*Task prompt*
Print, with no pictures, the exact lines that run from the one containing "The total applied" through the last line of the material below, both ends included.

Segment Start: Data

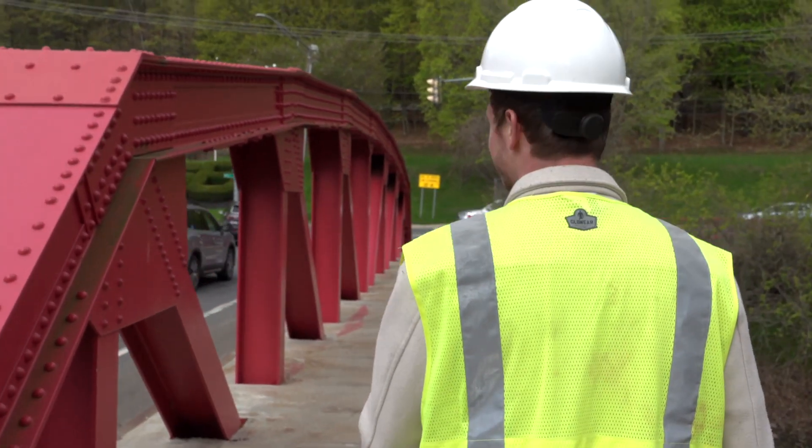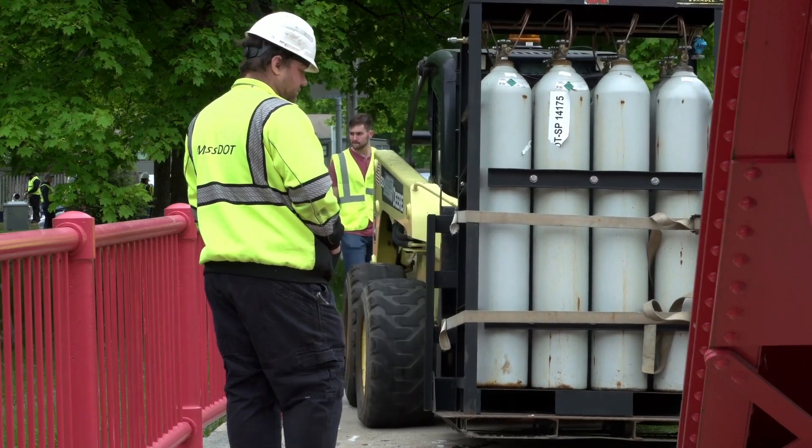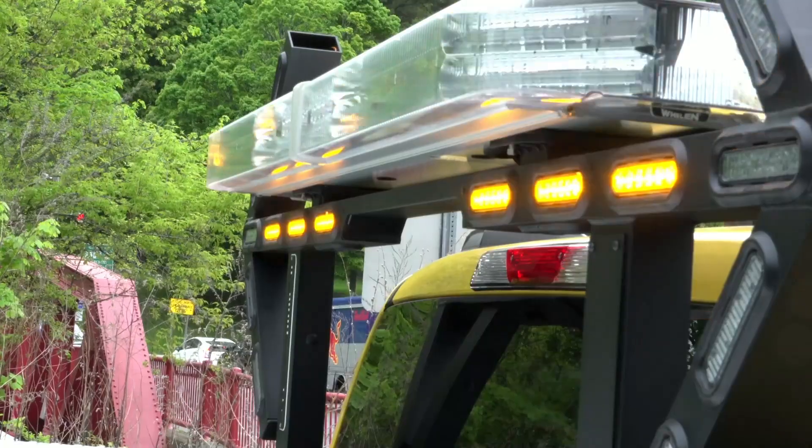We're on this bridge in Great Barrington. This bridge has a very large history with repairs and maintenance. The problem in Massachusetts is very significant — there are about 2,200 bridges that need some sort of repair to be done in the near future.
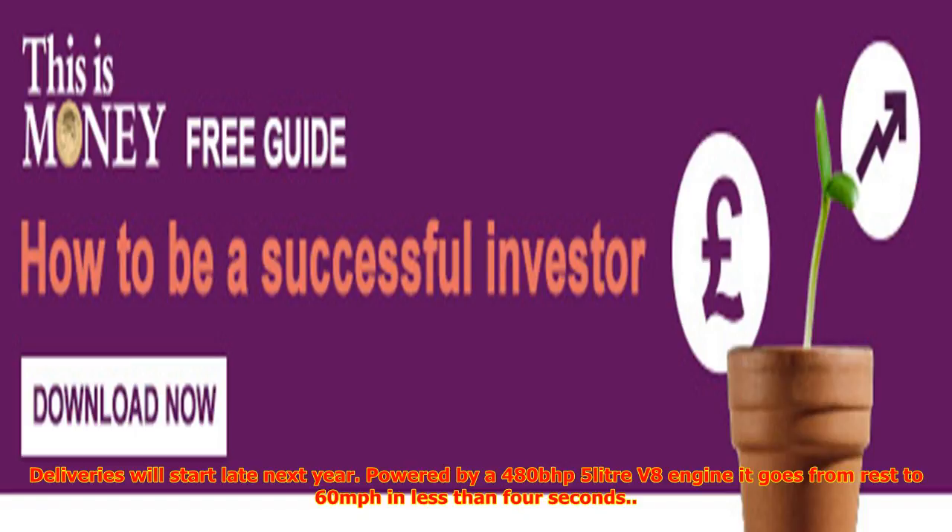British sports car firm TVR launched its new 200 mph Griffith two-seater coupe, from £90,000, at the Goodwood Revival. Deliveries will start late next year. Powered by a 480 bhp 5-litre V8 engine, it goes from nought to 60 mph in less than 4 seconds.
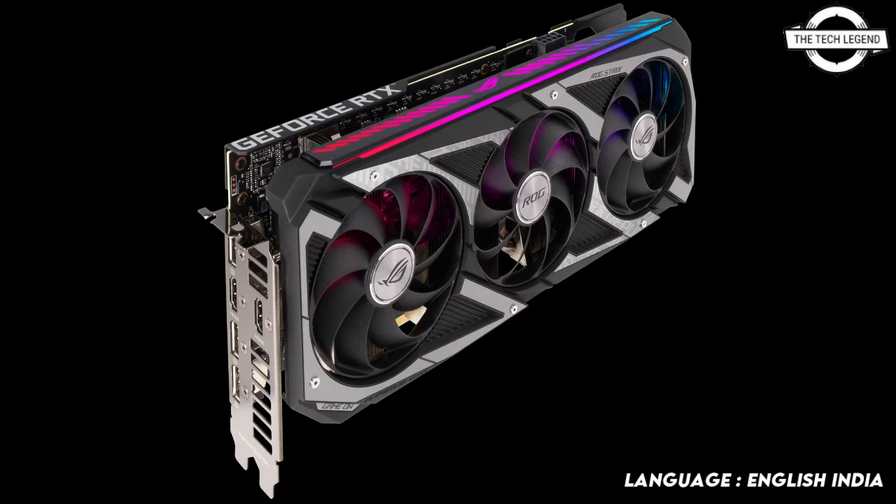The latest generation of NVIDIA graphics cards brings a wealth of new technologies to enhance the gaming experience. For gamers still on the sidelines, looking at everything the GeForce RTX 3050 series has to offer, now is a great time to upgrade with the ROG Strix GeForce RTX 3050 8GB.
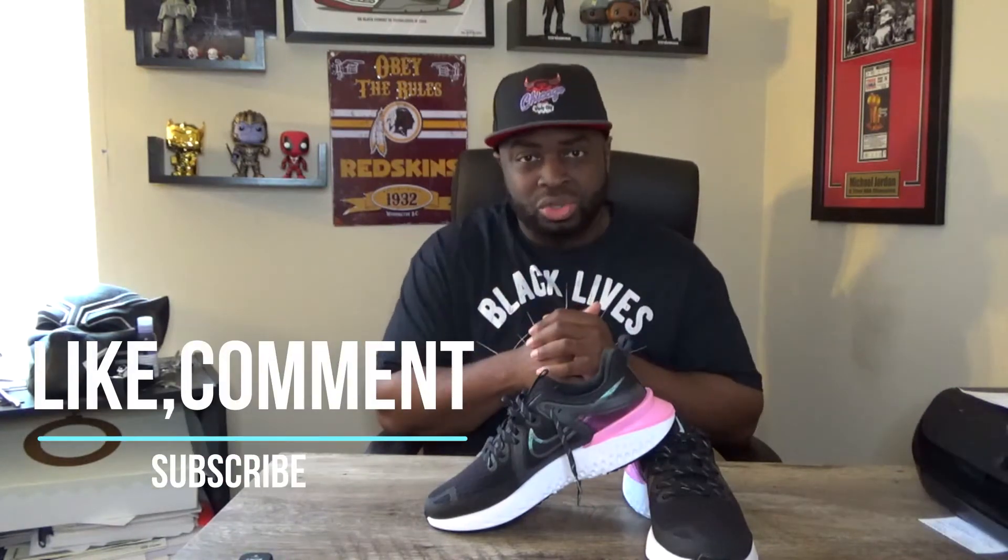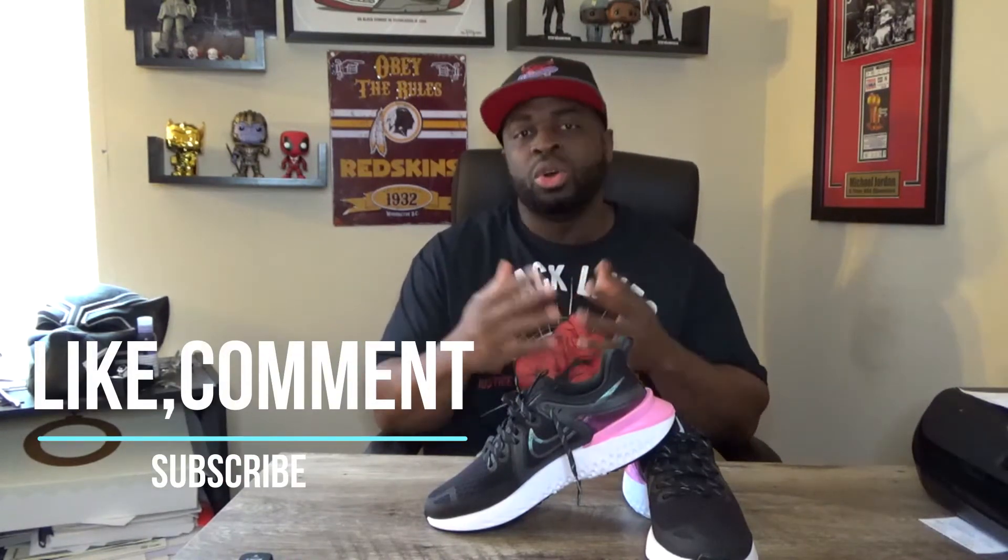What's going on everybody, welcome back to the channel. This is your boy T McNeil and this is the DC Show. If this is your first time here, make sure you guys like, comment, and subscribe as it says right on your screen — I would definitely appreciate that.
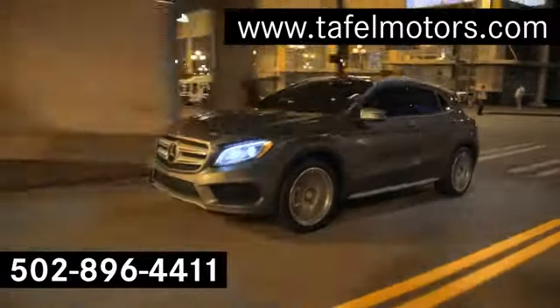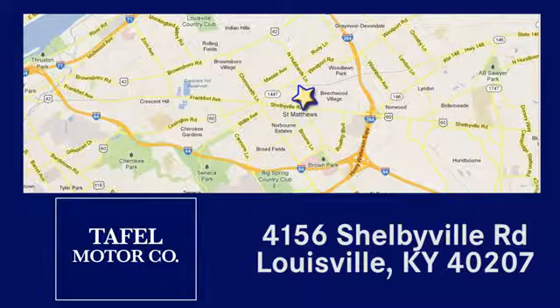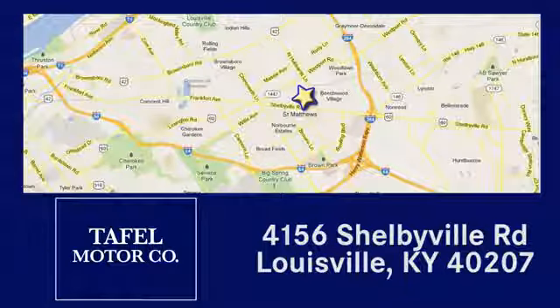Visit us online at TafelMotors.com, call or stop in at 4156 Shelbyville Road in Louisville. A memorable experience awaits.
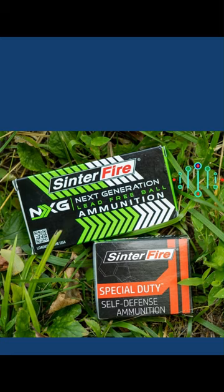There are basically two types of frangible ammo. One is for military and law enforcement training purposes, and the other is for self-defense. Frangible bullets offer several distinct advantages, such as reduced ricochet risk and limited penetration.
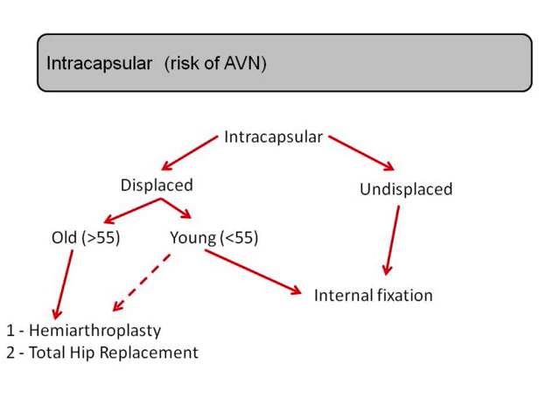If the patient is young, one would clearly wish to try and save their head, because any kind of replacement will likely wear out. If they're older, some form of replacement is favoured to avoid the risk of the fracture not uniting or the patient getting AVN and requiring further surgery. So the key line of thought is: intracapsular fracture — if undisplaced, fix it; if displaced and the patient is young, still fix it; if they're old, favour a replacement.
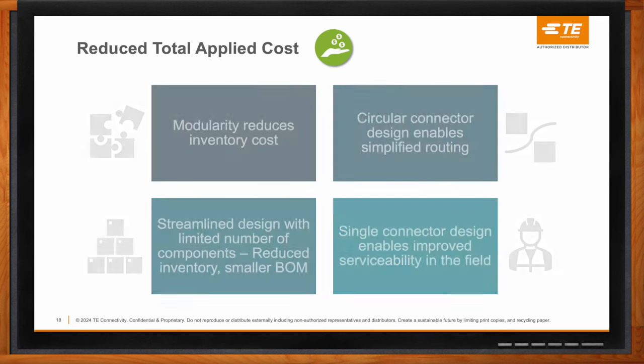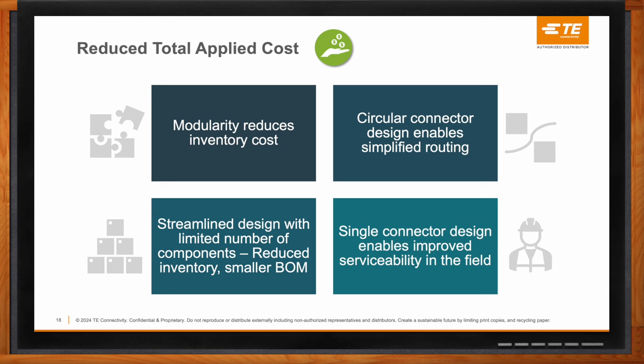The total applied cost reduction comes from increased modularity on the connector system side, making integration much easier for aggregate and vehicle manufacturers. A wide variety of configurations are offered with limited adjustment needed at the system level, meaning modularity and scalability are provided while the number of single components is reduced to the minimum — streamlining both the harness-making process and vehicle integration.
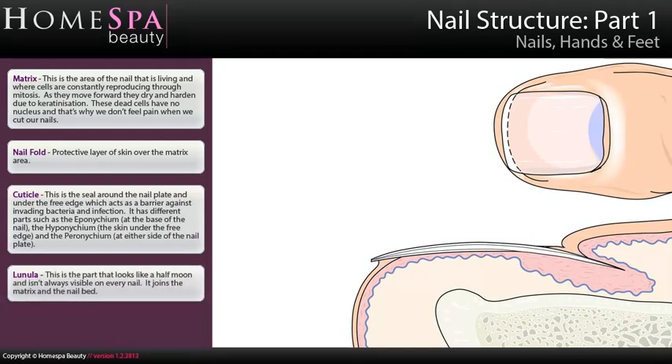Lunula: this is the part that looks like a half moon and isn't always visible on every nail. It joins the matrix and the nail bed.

Segment End: Data

*Exercise solution*
The total applied cost reduction comes from increased modularity on the connector system side, making integration much easier for aggregate and vehicle manufacturers. A wide variety of configurations are offered with limited adjustment needed at the system level, meaning modularity and scalability are provided while the number of single components is reduced to the minimum — streamlining both the harness-making process and vehicle integration.
Lunula: this is the part that looks like a half moon and isn't always visible on every nail. It joins the matrix and the nail bed.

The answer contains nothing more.